Nothing quite signifies the intellectual bankruptcy of the unions better than this article. Faced with a significant national trend towards revoking tenure, the President of the NEA fires back with: an absurd story about an attempt to fire an Arizona teacher 30 years ago based upon a speech impediment that was actually an accent!

Mr. Van Roekel of the teachers’ union disagreed. Recounting a story that had the burnish of something told many times, he recalled that around 1980, when he was a union leader in Arizona, he had arranged to have a speech pathologist assess a teacher whom a principal was trying to fire because of a speech impediment. The pathologist determined that the teacher had a New York accent.

“She would say ‘ideer,’ instead of ‘idea,’ ” Mr. Van Roekel said. “The principal thought that was a speech impediment. Without a fair dismissal law, that principal could have fired her arbitrarily, without citing any reason.”

Riiiiiiiiight….

Could it be that I am the only one who has noticed that, despite all of the complaining that unions do about administrators, that the vast majority of them come straight out of the teaching ranks?  Furthermore, the state of school accountability in Arizona 30 years ago would have been zilch, either in the form of testing or parental choice. Such a dearth of transparency and competitive pressure would enable the arbitrary firings of staff of even effective staff. Oddly though, zilch in the way of accountability, whether in the form of testing with teeth or parental choice is the prefered policy stance of the NEA.

Strange that.

Further, the debate over tenure that I am watching involves complex discussions about methods for measuring teacher effectiveness rather than proposals for arbitrary and capricious firing.
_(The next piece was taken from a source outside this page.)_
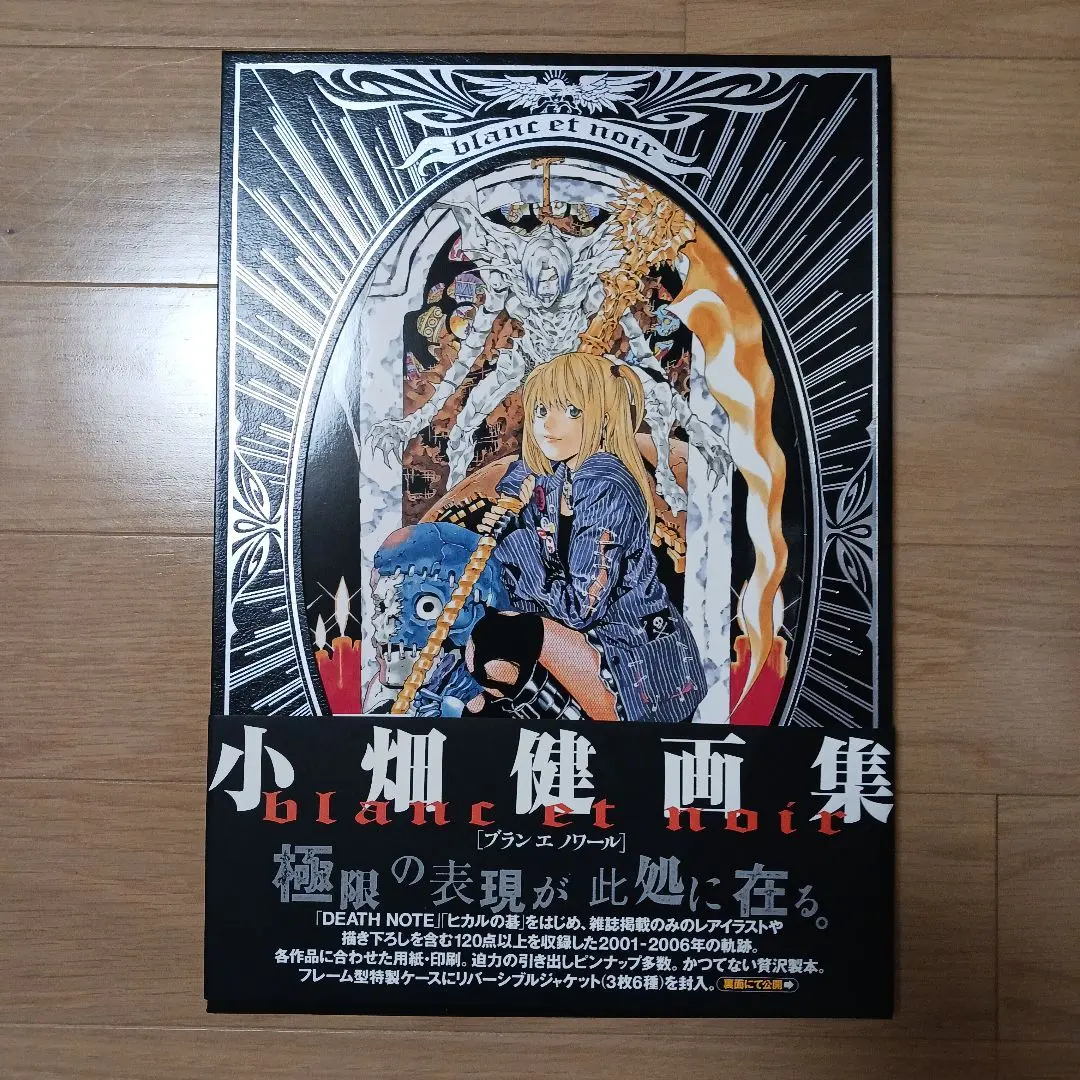 2026年最新】小畑健画集 blanc et noirの人気アイテム - メルカリ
I wonder what debate Van Roekel has been watching.

15 Responses to NYT on Tenure Reform

  1. LAG says:

    The vast majority of “administrators…come straight out of the teaching ranks?”

    Maybe that explains why administrators aren’t too bright.

  2. Parry says:

    I’m an administrator. And I came out of the teaching ranks. I graduated at the top of my high school class, and I have undergraduate and graduate degrees from some of the most competitive colleges and universities in the country. By any reasonable definition of intelligence, I believe I would qualify as “bright”.

    That having been said, I certainly make plenty of mistakes in my job, and I still have a lot to learn about education. By no means do I have all the answers.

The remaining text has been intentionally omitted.